It was the early days of the epidemic. In 2013, Sheryl Hirsh’s 23-year-old daughter Melissa Rae Koppel died of a heroin overdose — one of 194 people claimed by the drug in Cuyahoga County that year. Since sharing her story with Cleveland Magazine [“Good Girl Gone,” October 2014], Hirsh has turned from grief to advocacy, raising around $10,000 for educational outreach and organizing an annual substance misuse series as part of Case Western Reserve University’s Siegal Lifelong Learning Program. Before the series kicks off Sept. 14, Hirsh discusses the importance of using your voice to advocate for those we’ve lost and those still struggling with addiction.
It was when everything sort of broke, so you didn’t see it every day in the news until after Melissa died.

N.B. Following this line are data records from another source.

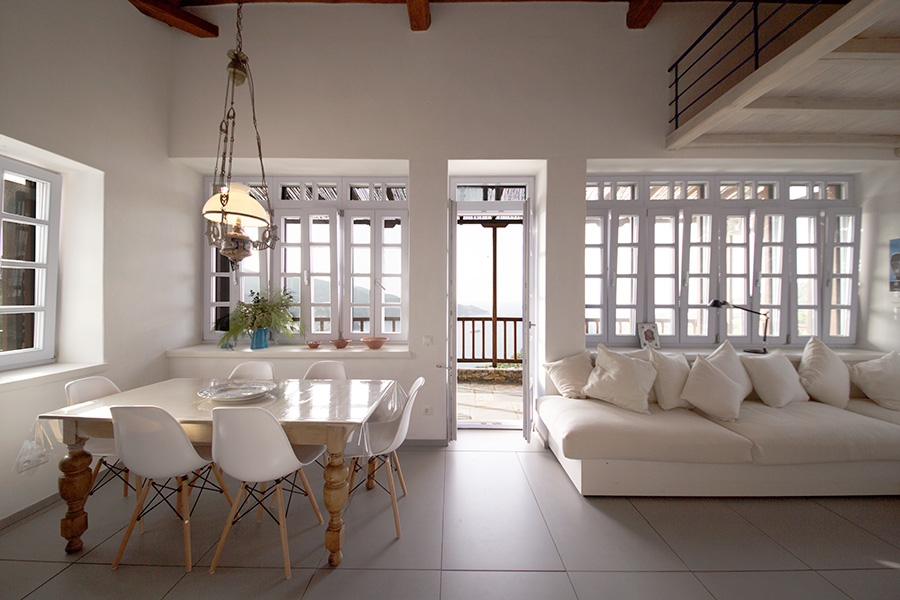 living and dining area with balcony and sea beyond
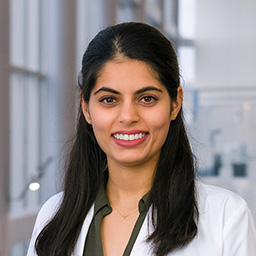 Dr. Nabeeha Ahmad wearing a gray shirt, and a white lab coat standing in the Clements University Hospital lobby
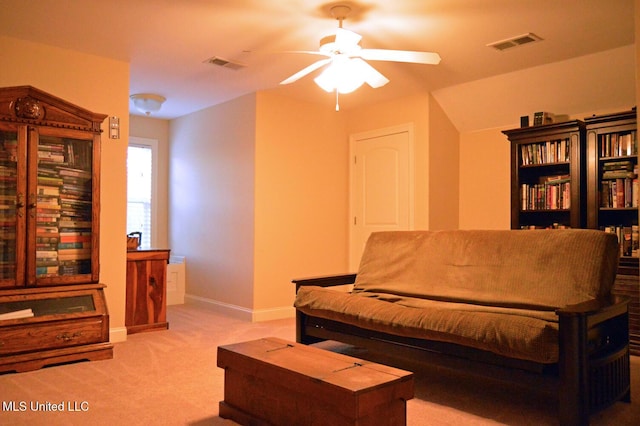 carpeted living room with ceiling fan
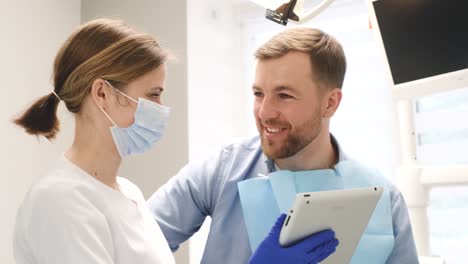 dental treatment in a modern dental clinic. the happy patient is satisfied with the dental treatment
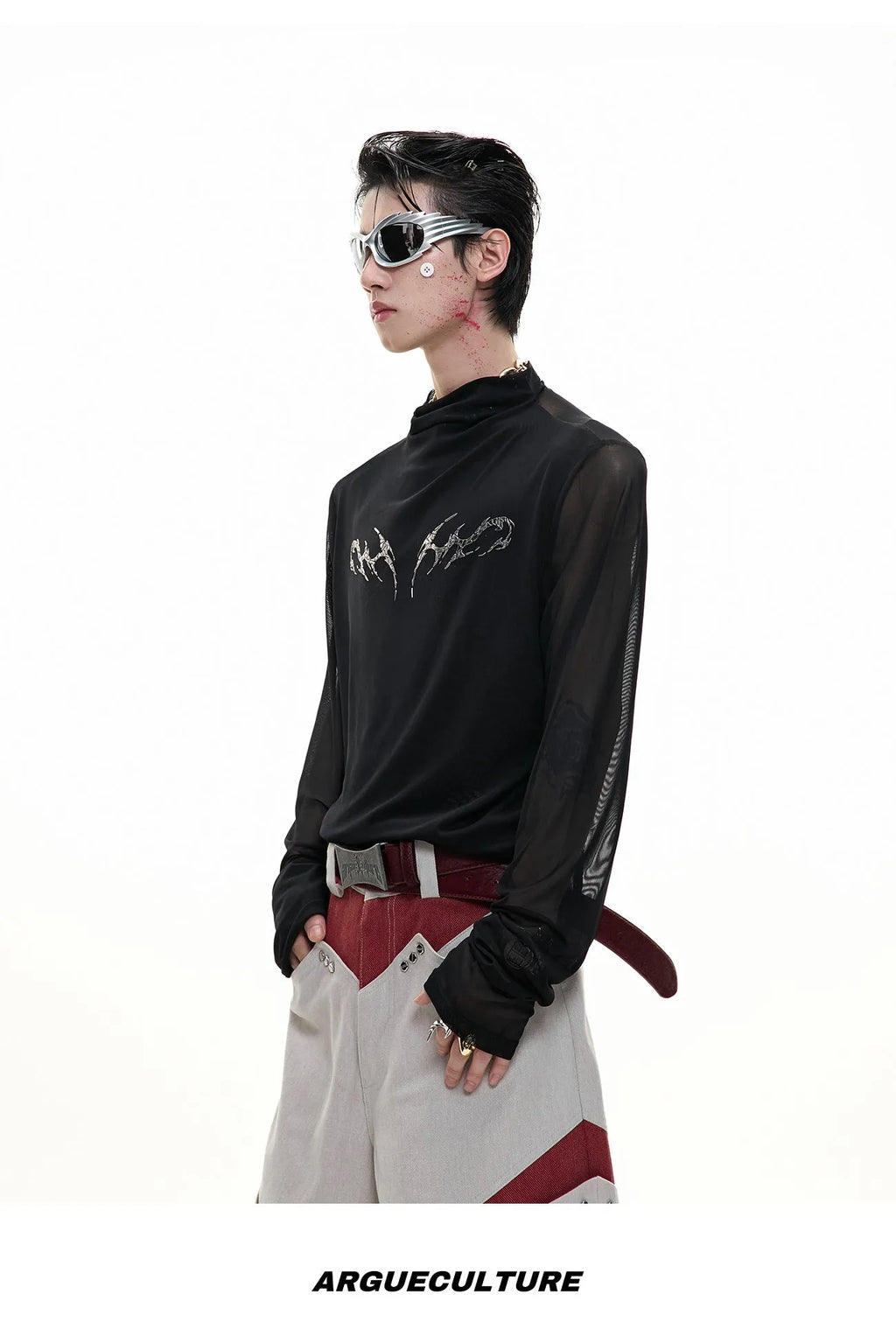 Men's black slim-fit mesh long-sleeve bottoming shirt laid flat, showing texture.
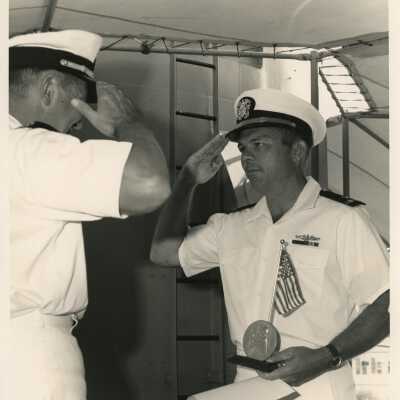 U.S. Navy men saluting each other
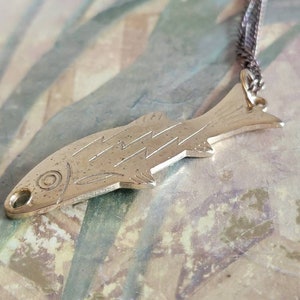 May include: A silver fish pendant necklace with a detailed design. The pendant is attached to a silver chain.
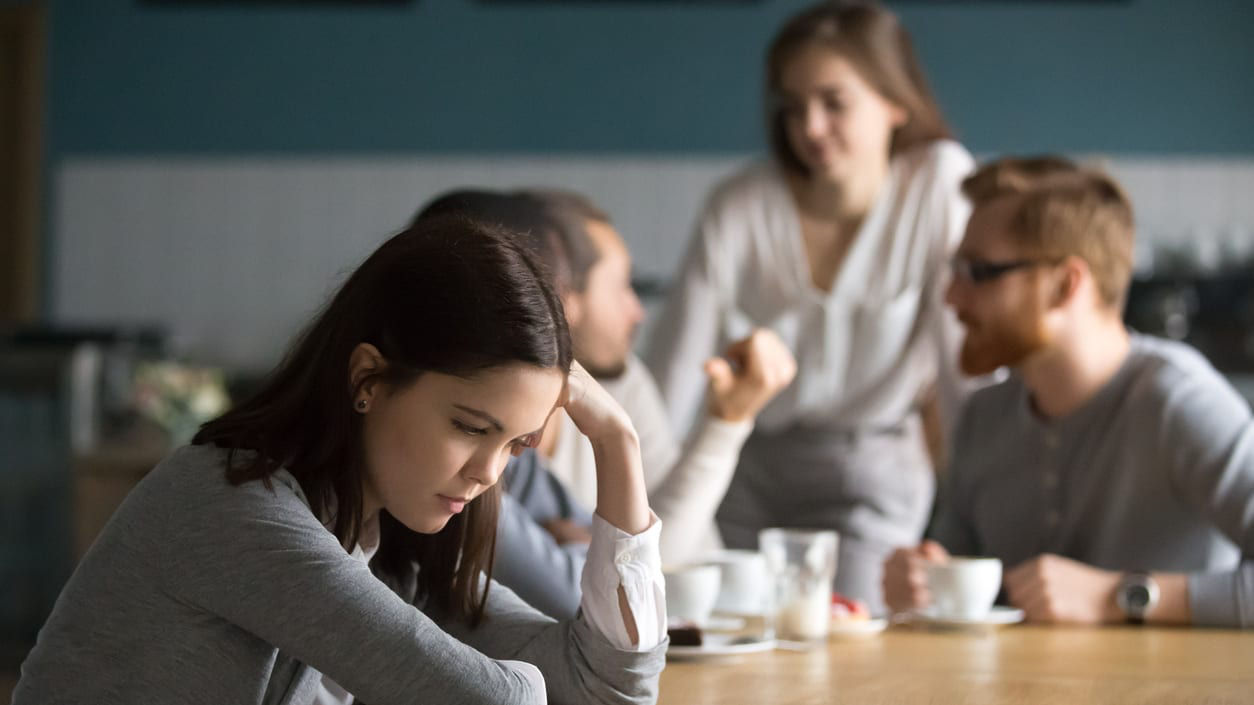 A woman is sitting at a table with a group of people around her.
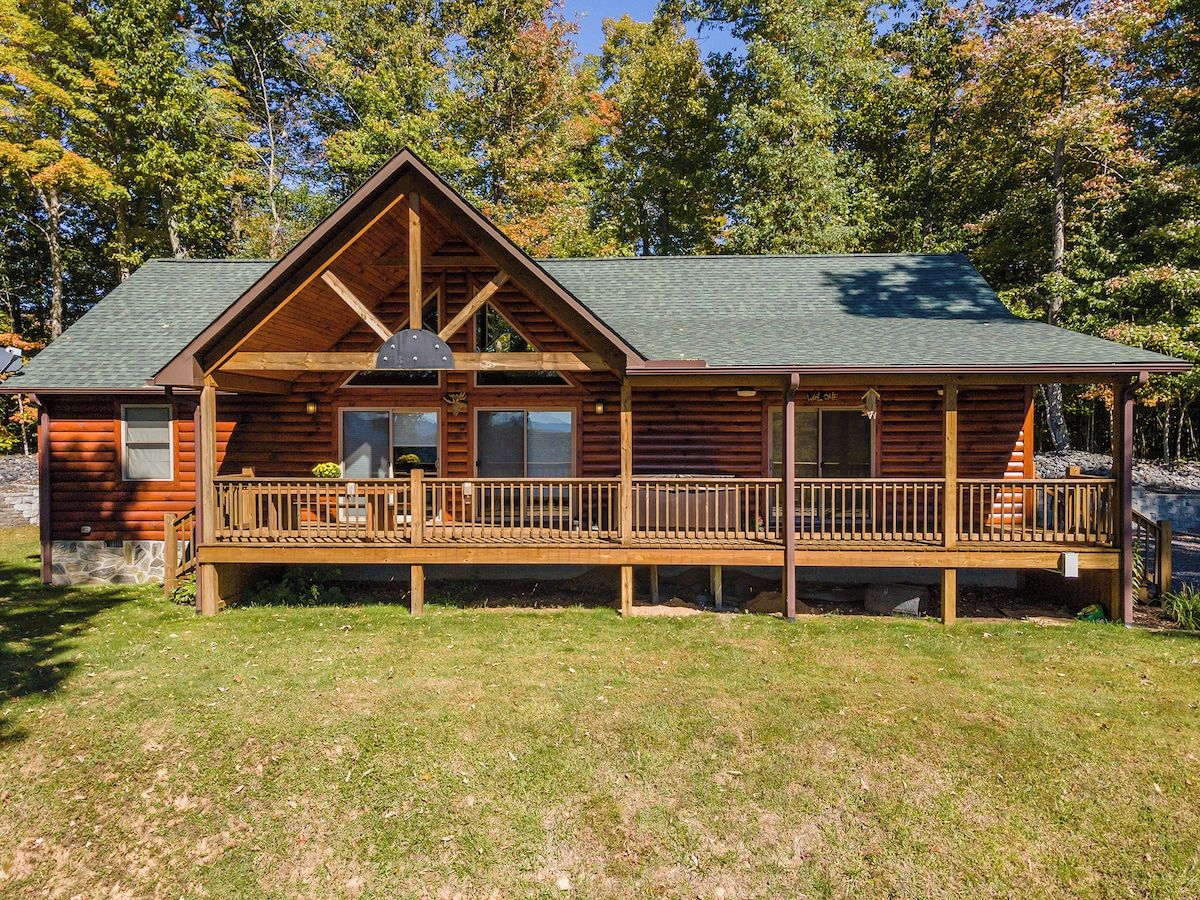 A log cabin with a deck and a covered porch.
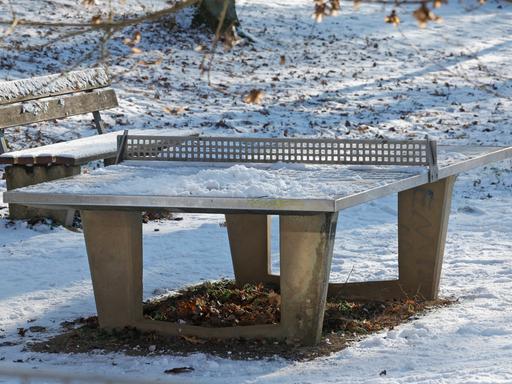 Eine verschneite Tischtennisplatte im Winter in einem Park. 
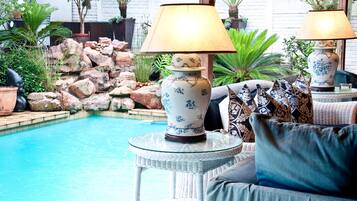 Outdoor pool, pool umbrellas, sun loungers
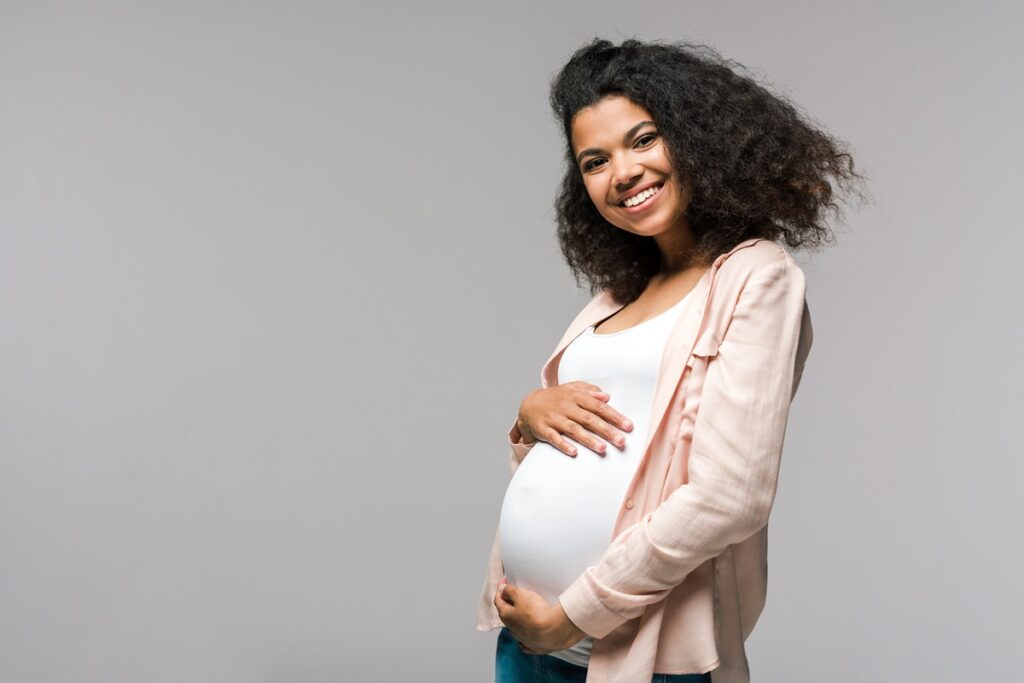 cheerful pregnant woman touching belly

Telling my story was really helpful in putting all the pieces and parts together. It gave me a sense of how and when and where Melissa had gone from painkillers to being clean to doing really well to sort of falling down the drain. The biggest part of not wanting to tell people came from being worried and scared of people changing in their minds about who Melissa was as a human being.
I wish now that there would have been someone like me who had these educational programs so that I would have known before what was going on.
I thought, I need to save other people from this grief. I wanted them to know the signs to look for. This is not what you think it is. This is not a bunch of kids at a party shooting up and then sort of being out of it. This is: “I’m taking this in order to get through my day.” I realized it was attorneys and doctors and police officers and people in the public taking this.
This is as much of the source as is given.